Postemployment Benefits |
The Company provides postemployment benefits to qualifying employees, former employees and dependents under the provisions of various benefit plans or as required by state or federal law. The Company accounts for workers’ compensation obligations and other Company-provided postemployment benefits on the accrual basis of accounting.
Use of Estimates in the Preparation of the Consolidated Financial Statements |
The preparation of financial statements in conformity with generally accepted accounting principles requires management to make estimates and assumptions that affect the reported amounts of assets and liabilities and disclosure of contingent assets and liabilities at the date of the financial statements and reported amounts of revenues and expenses during the reporting period. Actual results could differ from those estimates.
In particular, the Company has significant long-term liabilities relating to retiree health care, work-related injuries and illnesses and defined pension plans. Each of these liabilities is actuarially determined and the Company uses various actuarial assumptions, including the discount rate and future cost trends, to estimate the costs and obligations for these items. If these assumptions do not materialize as expected, actual cash expenditures and costs incurred could differ materially from current estimates. Moreover, regulatory changes could increase the obligation to satisfy these or additional obligations.

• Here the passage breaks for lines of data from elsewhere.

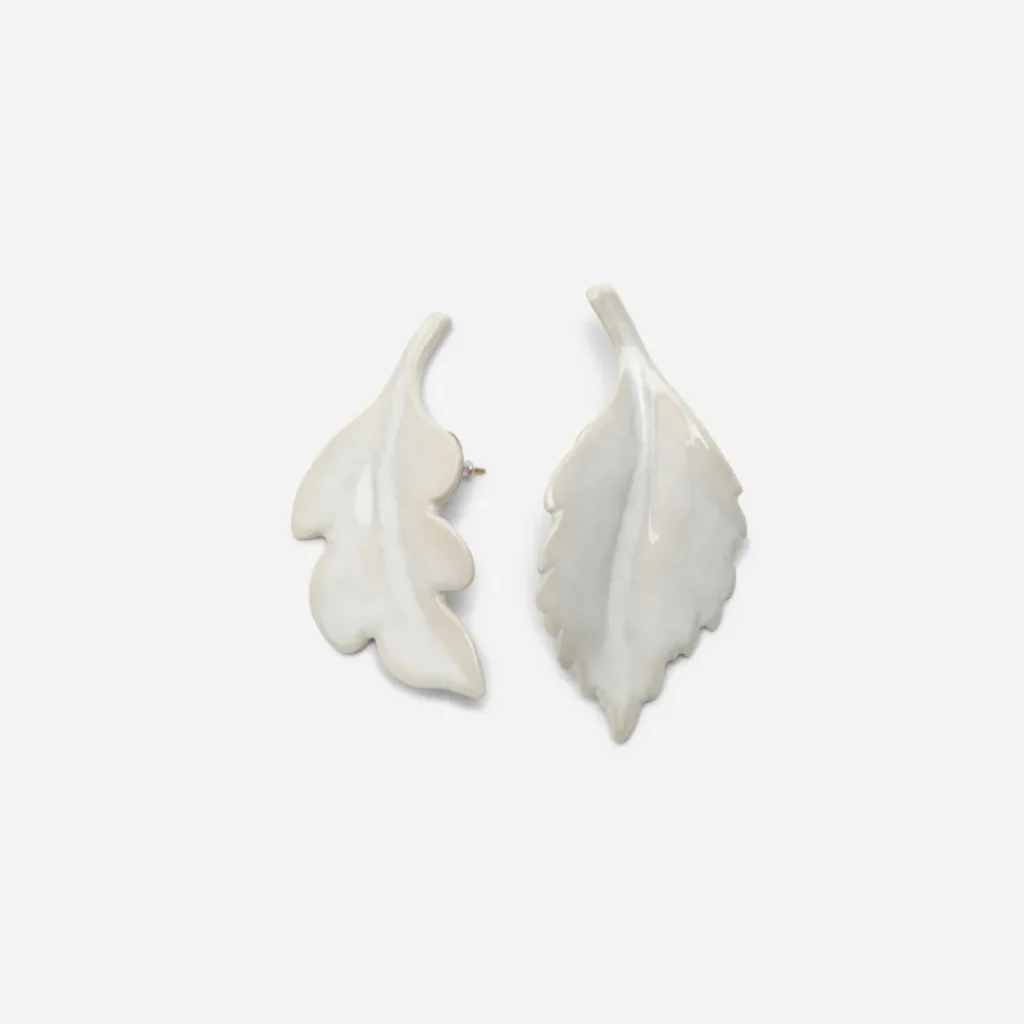 ANDRES GALLARDO-LEAF-White Leaf Ceramic Asymmetrical Earrings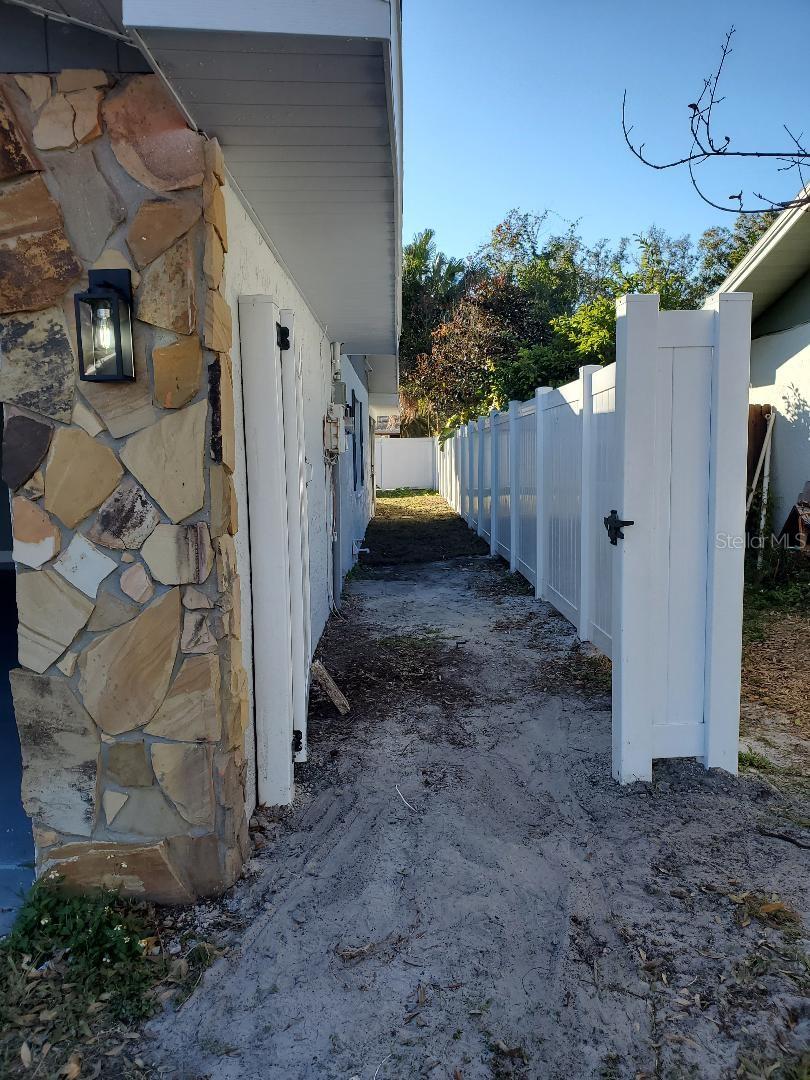 Listing photo id 18 for 7607 Winging Way Drive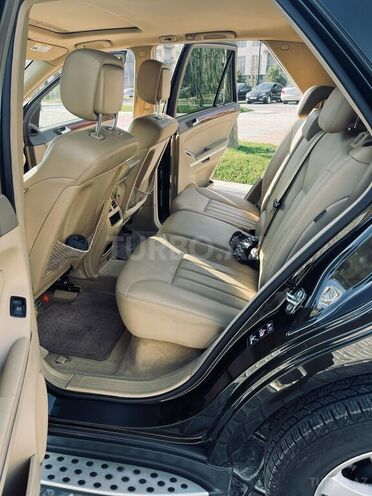 Mercedes ML 350 4MATIC-3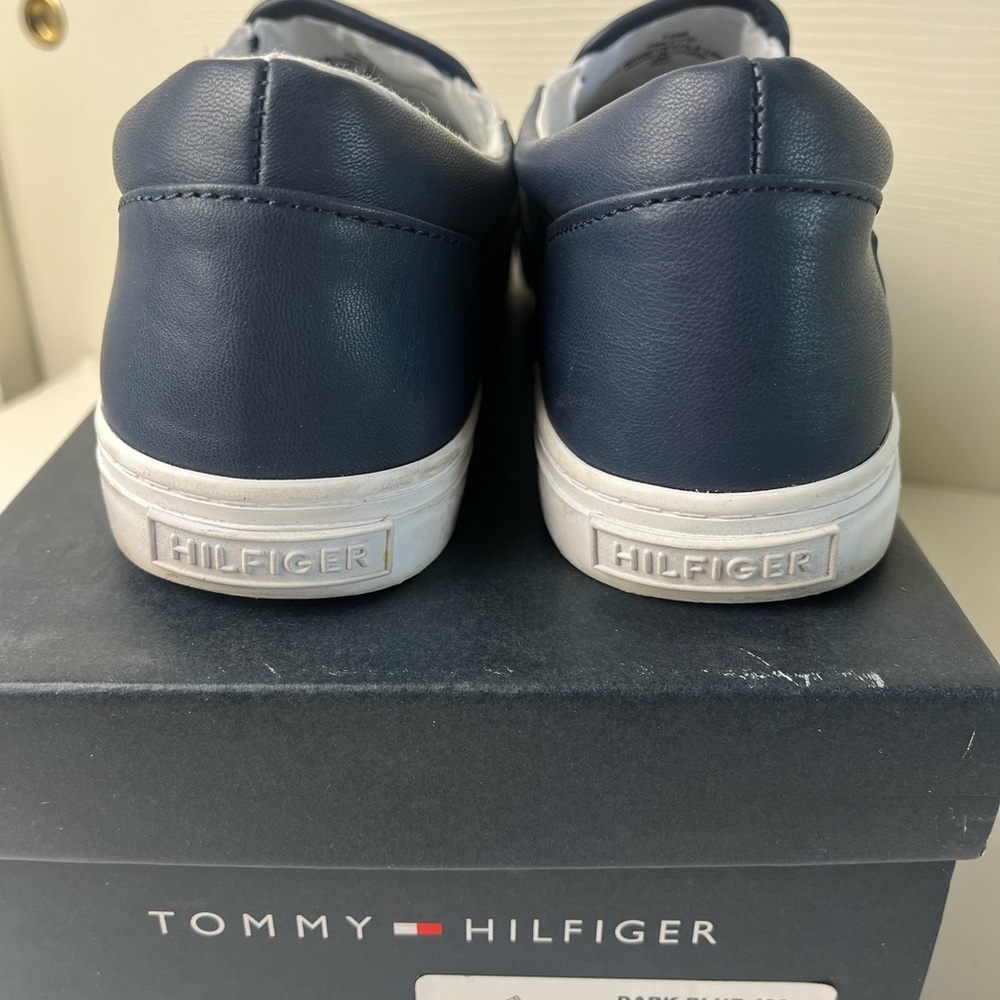 Tommy Hilfiger slip ons - Picture 5 of 6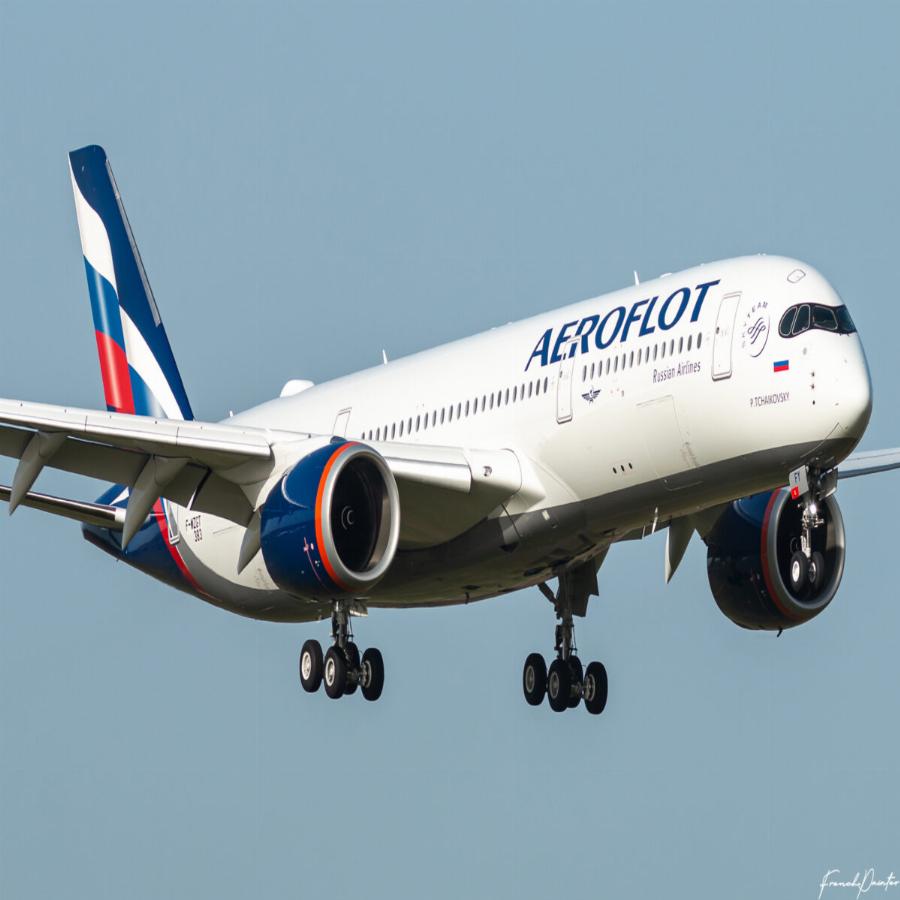 Aeroflot: Η αεροπορική εταιρία θα βάζει σε ειδικές θέσεις όσους αρνούνται να φορέσουν μάσκα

Impairment of Long-Lived Assets |
The Company records impairment losses on long-lived assets used in operations when events and circumstances indicate that the assets might be impaired and the undiscounted cash flows estimated to be generated by those assets under various assumptions are less than the carrying amounts of those assets. Impairment losses are measured by comparing the estimated fair value of the impaired asset to its carrying amount.
Foreign Currency Translation |
The assets and liabilities of foreign affiliates are translated at current exchange rates, and related translation adjustments are reported as a component of comprehensive income. Statement of operations accounts are translated at an average rate for each period.
Reclassifications |
Certain amounts in prior periods have been reclassified to conform with the report classifications of the year ended December 31, 2002, with no effect on previously reported net income or stockholders’ equity.
F-30
(2) Initial Public Offering
On May 22, 2001, the Company completed an initial public offering of 17,250,000 shares of common stock. Net proceeds from the offering of $449.8 million were primarily used to repay debt. See further discussion of these debt repayments in Note 14.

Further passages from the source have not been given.